Open vocabulary keyword spotting through transfer learning from speech synthesis
Kesavaraj V, Anil Kumar Vuppala
TL;DR
This work tackles open-vocabulary keyword spotting by bridging audio and text representations through transfer learning from a pre-trained text-to-speech system. By embedding Tacotron 2 intermediate representations into the text encoder and aligning them with audio features via a cross-attention pattern extractor, the approach increases discrimination between closely related pronunciations. Ablation shows that the E3 Tacotron 2 layer (Bi-LSTM output) provides the best balance of performance and training efficiency, and the method demonstrates robustness to word length and out-of-vocabulary scenarios across multiple datasets, with substantial gains on LibriPhrase Hard. The proposed framework offers a practical path toward personalized, robust keyword spotting on edge devices, enabling more flexible voice interfaces without requiring explicit shared embedding spaces tuned for each new keyword.
Abstract
Identifying keywords in an open-vocabulary context is crucial for personalizing interactions with smart devices.
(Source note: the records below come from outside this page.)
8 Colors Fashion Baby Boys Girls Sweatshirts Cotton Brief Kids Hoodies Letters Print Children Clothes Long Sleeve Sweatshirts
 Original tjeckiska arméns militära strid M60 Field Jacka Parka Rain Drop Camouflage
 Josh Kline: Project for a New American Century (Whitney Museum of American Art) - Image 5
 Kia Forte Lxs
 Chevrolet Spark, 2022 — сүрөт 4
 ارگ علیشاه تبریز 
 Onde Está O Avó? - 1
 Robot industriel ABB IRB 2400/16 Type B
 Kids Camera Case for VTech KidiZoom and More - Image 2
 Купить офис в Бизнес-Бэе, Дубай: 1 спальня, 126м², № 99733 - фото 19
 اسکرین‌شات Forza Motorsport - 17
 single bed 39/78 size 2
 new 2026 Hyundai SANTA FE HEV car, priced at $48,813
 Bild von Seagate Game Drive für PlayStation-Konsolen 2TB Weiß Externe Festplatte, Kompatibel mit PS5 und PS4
Previous approaches to open vocabulary keyword spotting dependon a shared embedding space created by audio and text encoders. However, these approaches suffer from heterogeneous modality representations (i.e., audio-text mismatch). To address this issue, our proposed framework leverages knowledge acquired from a pre-trained text-to-speech (TTS) system. This knowledge transfer allows for the incorporation of awareness of audio projections into the text representations derived from the text encoder. The performance of the proposed approach is compared with various baseline methods across four different datasets. The robustness of our proposed model is evaluated by assessing its performance across different word lengths and in an Out-of-Vocabulary (OOV) scenario. Additionally, the effectiveness of transfer learning from the TTS system is investigated by analyzing its different intermediate representations. The experimental results indicate that, in the challenging LibriPhrase Hard dataset, the proposed approach outperformed the cross-modality correspondence detector (CMCD) method by a significant improvement of 8.22% in area under the curve (AUC) and 12.56% in equal error rate (EER).